Dynamic behavior and kinematic joint wear characteristics study of rigid-flexible hybrid mechanism considering spatial revolute joint clearance

Abstract

As industrial production increasingly demands higher precision, performance and stability requirements for advanced mechanisms have intensified exponentially, making the investigation of their dynamic behaviors critically important. Among the predominant factors compromising the precision and robustness of mechanism actuators, elastic deformation of structural components and kinematic joint clearances have been identified as significant contributors. While current research on clearance-induced dynamic behaviors predominantly focuses on planar multi-link mechanisms or simple spatial parallel mechanisms.
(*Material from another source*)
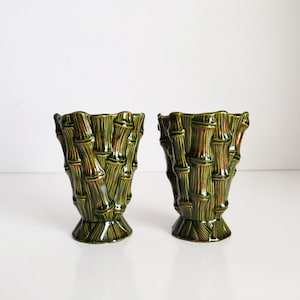 May include: A pair of green ceramic vases with a bamboo design. The vases are tall and slender, with a flared top and a rounded base.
Studies addressing hybrid mechanism containing three-dimensional(3D) revolute joint clearances remain remarkably limited, and even fewer studies consider the flexible effects of components alongside the wear characteristics of kinematic joints clearance in such hybrid systems. To address these research gaps, this paper investigates the dynamic response, reliability and wear characteristics of kinematic joints in a 3-PRPaR-RUPUR spatial redundant rigid-flexible hybrid mechanism. Firstly, a 3D revolute joint clearance model is established. Next, a 3D two-node spatial beam element model is developed using the absolute nodal coordinate form(ANCF). Subsequently, a wear model for revolute joint clearances is given based on the Archard model. Finally, a dynamic model of the rigid-flexible hybrid mechanism, considering spatial revolute joint clearances, is formulated utilizing the Lagrange multiplier method. This investigation systematically quantifies the effects of component flexibility, clearance size, and multi-clearance configurations on the dynamic response, reliability of the moving platform and wear characteristics of clearance joints in the rigid-flexible hybrid mechanism. The findings aim to establish a systematic theoretical foundation for the study of high-precision, high-performance mechanism dynamics, reliability and the wear characteristics of kinematic joints with clearances.